Lookup tables are backed up by carry logic that can be used to implement particular functionality directly in silicon and very efficiently. *Flip-flop registers*, one-bit memory entities, are woven into the logic fabric and thus provide fully *distributed storage*. Larger quantities of memory are available in the form of *Block RAM* (or *BRAM*). Virtex chips, for instance, include a number of BRAM blocks, each of which provides 36 kbit of fast storage.

Table 1 lists the available resources that typical candidates of the Xilinx Virtex-5 and Virtex-6 series can provide. Managing and properly balancing these resources is one of the challenges that an algorithm designer for FPGAs faces. Thereby, individual resource types are *not* independent. For instance, lookup tables and flip-flop registers are combined into so-called *slices*, and resource imbalances can only be traded *within* each slice.

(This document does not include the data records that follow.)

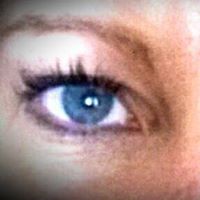 Profile Picture of Suzanne Mckay (@suzanne-mckay-16) on Quora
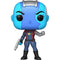 Pop! Guardians of the Galaxy Volume 3 - Nebula 1205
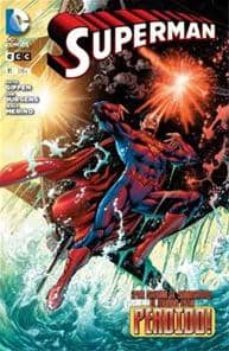 superman num. 11-9788415748816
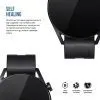 Плівка захисна Armorstandart Matte hydrogel Huawei Watch GT3 46mm 6 pcs (ARM92075) зображення 3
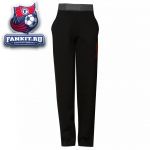 Штаны детские Ливерпуль / Boys Apache Pant 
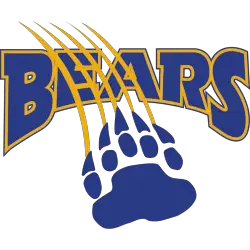 northern-colorado-bears-alternate-logo-1998-2002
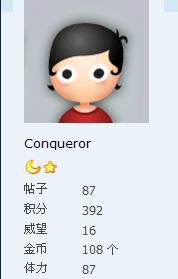 1.gif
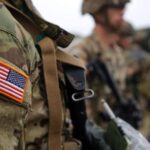 e0bddbd6a8a8f7e72d0a6a32a82421f21401c0d87b27dc53181f7909f360b92b3a054b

Assessments in this work are based on two different generations of Xilinx Virtex FPGA chips. Model XC5VLX110T is a popular (though four-year old) development chip, used, e.g., in the Xilinx XUPV5-LX110T university research and teaching platform. We used the XUPV5 board for testing and for power consumption measurements in Section 8. XC6VLX550T is a more advanced model from the current Xilinx Virtex-6 series. Fabricated on a 40 nm process, it allows apple-to-apple comparisons with current Intel processor lines. Results in the main body of this work are based on cycle-accurate simulations of a XC6VL550T chip.

FPGAs typically operate at clock frequencies that are significantly lower than those of general-purpose CPUs ( $\approx 100$  MHz). They are still competitive because tailor-made circuits can perform more work in less cycles than software-based systems. A side effect of the low clock frequency, on the other hand, is the *low-energy consumption* of FPGAs (few Watts versus  $\approx 100$  Watts for a modern CPU).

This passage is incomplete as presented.